◆ Dataset excerpt ◆
== Segment start ==

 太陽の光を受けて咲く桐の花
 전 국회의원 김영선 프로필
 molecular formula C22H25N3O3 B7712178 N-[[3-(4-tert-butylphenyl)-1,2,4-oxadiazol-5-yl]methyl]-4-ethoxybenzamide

== Segment end ==

◆ What this task involves ◆
Using the material above, output each line exactly as it appears.

◆ Exercise answer ◆
 太陽の光を受けて咲く桐の花
 전 국회의원 김영선 프로필
 molecular formula C22H25N3O3 B7712178 N-[[3-(4-tert-butylphenyl)-1,2,4-oxadiazol-5-yl]methyl]-4-ethoxybenzamide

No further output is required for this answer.